Poet, Seeker, and the Woman Who Captivated C. S. Lewis

Author:  Santamaria, Abigail   
Genre:  Biography
Publisher:  Houghton Mifflin Harcourt2015
Tags:  History, Truth
Series:  


Rebekah’s Review

 

I enjoy reading biographies.  It is always a fascinating thing to find out what makes a person tick.  Abigail Santamaria very thoroughly researched the life of Joy Davidman Gresham, the woman who captivated C.S. Lewis as the subtitle states.  

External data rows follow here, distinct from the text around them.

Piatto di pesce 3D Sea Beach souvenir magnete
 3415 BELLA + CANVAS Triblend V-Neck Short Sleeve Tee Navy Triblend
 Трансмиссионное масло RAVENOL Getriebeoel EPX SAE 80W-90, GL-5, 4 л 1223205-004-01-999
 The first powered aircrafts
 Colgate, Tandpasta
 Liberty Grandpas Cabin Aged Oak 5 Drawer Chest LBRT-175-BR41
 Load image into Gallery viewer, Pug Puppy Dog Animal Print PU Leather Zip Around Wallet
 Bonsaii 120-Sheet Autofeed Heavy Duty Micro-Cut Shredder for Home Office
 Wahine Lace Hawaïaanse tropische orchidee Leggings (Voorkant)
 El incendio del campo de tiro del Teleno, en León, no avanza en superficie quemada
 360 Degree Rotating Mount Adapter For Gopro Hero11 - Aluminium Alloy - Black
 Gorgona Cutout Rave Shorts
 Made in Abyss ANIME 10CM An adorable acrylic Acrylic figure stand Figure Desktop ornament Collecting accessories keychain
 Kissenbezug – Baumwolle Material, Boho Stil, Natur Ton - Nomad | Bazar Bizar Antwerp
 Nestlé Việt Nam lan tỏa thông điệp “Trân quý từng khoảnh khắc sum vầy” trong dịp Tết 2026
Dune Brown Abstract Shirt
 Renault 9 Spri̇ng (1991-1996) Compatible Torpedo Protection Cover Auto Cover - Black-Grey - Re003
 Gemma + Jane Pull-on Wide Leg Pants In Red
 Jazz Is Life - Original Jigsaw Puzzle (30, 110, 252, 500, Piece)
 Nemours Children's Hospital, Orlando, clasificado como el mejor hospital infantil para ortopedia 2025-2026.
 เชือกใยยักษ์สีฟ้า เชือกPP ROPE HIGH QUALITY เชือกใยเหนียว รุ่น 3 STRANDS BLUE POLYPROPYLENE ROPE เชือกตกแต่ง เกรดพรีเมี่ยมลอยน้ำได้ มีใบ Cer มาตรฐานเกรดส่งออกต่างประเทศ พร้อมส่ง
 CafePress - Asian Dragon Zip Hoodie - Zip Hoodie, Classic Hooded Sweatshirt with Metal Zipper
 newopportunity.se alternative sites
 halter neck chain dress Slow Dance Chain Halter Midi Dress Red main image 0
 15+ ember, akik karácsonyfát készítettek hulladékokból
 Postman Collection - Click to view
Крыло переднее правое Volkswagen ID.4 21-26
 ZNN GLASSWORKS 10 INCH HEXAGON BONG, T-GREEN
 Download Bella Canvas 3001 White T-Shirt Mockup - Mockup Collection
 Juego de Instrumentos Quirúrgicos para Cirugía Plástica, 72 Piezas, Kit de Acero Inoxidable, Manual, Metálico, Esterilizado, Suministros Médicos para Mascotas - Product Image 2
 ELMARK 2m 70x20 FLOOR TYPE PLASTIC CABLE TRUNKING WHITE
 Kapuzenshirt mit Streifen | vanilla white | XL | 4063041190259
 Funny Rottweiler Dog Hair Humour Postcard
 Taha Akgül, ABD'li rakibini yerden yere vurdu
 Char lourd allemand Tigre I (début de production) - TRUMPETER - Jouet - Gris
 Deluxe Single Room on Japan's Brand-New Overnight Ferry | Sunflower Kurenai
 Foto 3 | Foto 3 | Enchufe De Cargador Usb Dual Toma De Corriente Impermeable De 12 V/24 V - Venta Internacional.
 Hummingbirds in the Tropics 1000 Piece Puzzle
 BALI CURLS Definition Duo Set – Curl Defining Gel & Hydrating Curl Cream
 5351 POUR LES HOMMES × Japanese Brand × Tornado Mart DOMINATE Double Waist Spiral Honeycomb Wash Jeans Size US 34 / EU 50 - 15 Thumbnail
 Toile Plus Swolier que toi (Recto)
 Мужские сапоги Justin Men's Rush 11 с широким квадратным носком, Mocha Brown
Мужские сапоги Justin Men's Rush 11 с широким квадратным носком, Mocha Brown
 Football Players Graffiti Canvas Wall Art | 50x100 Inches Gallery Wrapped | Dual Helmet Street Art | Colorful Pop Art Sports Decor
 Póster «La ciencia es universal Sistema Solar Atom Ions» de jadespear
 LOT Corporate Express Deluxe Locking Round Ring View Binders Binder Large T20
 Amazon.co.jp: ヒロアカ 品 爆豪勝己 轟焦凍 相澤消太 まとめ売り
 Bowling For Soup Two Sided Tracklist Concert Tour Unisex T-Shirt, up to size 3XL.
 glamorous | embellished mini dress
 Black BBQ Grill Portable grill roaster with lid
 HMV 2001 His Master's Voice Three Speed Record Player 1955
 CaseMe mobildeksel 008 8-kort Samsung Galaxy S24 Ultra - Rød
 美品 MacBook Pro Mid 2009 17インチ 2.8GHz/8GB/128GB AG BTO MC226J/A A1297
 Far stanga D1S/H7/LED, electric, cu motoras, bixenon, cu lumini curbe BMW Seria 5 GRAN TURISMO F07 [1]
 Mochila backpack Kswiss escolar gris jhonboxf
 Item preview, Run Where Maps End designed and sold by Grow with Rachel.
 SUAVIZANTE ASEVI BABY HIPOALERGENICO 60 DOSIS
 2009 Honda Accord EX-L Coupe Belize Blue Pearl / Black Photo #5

Now I know why many of Lewis’s friends did not like Joy.  They were intrigued by her and so was I, but she would have been a difficult person to get along with.  She explored and immersed herself in all the things that I would avoid, Communism, Dianetics (the precursor to Scientology), drinking, and other worldly pastimes.  She was a seeker.  The author sees her “journey” to Christianity as a person seeking paradise, but being fooled too often by a false heaven.  

The culture of writers and writing guilds was interesting to read as she struggled to make ends meet as an author.  I was most disappointed with her failure as a mother.  Her children suffered much as a result of her focus on writing and selfish pursuits.  She first became enamored with C.S. Lewis after reading his novel, The Great Divorce.   Lewis captured the minds of many intellectuals of his era, including Joy.  He pointed them to Christianity in a venue that they understood. Perhaps her difficult childhood coupled with her brilliant mind explains her stinging personality.  And maybe that’s why in the end she needed another brilliant mind to fully understand her.  Lewis and his brother enjoyed her because she was unpretentious and open with them, some would say rude and crude, but the brothers had had their fill of disingenuous admirers.  She was refreshing to them.  I would have to assume that even though she went to England to beguile Lewis, he must have known she had fallen for him long before he fell in love with her.

Part of me feels sorry for Joy that her life was so turbulent and difficult, but then again, she brought a lot of it on herself.  I’m not sure if she truly came to know Christ as Savior in the end, but she did convert to Anglicanism.  The biographer doesn’t go into those kind of details that I’d be interested in, and neither did C.S. Lewis in his writings for that matter.  I would like to assume that both of them accepted Christ as their Savior.  After all, she was a tremendous influence on three of his works, Surprised by Joy (not about her, but rather about topics that brought them together), ‘Til We Have Faces, and The Four Loves (one of my favorites).  So who knows?  Maybe we’ll see Joy in heaven one day.